USMEF Economist Erin Borror addressed attendees about current trends in global meat production, consumption and trade, focusing particularly on how North American meat and livestock trade has expanded and evolved since the passage of NAFTA.
Borror noted that the recent uptick in production has improved the price competitiveness of U.S. beef, both in key Asian markets and in the Western Hemisphere. This period of higher production is happening at a time of tight global beef supplies – especially from Australia, where herd rebuilding continues to hold down slaughter and production volume. For North American beef trade, key factors in 2017 include:
- U.S. production is forecast to be the largest since 2008, but U.S. demand for imported beef from Mexico and Canada remains strong, partly due to limited supplies and higher prices for imports from Australia and New Zealand.
- Mexico continues to see modest growth in its cattle inventory and beef production, but this is tempered by an uptick in feeder cattle exports to the United States so far this year. Mexico’s beef exports are at record levels, mainly to the United States. Mexico’s beef imports continue rebound, but per capita consumption remains low.
- Canada’s cattle inventory is relatively flat, with smaller live exports. Beef production and exports are increasing, but at a modest pace.
- The U.S., Mexico and Canada are unique as they are each leading exporters and importers of beef, partly due to NAFTA, which has helped bolster the competitiveness of the North American beef industries.
Borror highlighted the fact that Mexico is a critical trading partner for the U.S. beef and pork industries, with exports to Mexico accounting for 8 percent of total U.S. pork production and 3 percent of U.S. beef production. U.S. pork exports reached 12.5 pounds per Mexican consumer last year, with beef exports totaling nearly 4.5 pounds. Total U.S. pork and beef exports to Mexico reached nearly 973,000 metric tons (mt) in 2016 and will soon exceed 1 million mt. Export value was $2.3 Billion – an increase of 43 percent in value over the past 10 years.

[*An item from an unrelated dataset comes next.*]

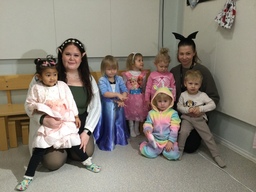 Lasten yhteiskuva syysnaamiaisista.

USMEF also sponsored a presentation by Dr. Victor Toledo titled, “Functional Meat Product Development,” which highlighted the U.S. industry’s effort to develop and introduce new beef and pork products that meet the culinary and nutritional needs of Mexican consumers. Dr. Toledo’s research looks at the development of cured and cooked meat products with a specific focus on certain added characteristics such as antioxidant capacity. He also discussed research conducted on the use of plant-origin omega-3 fatty acids to determine their residual benefits in processed meat products.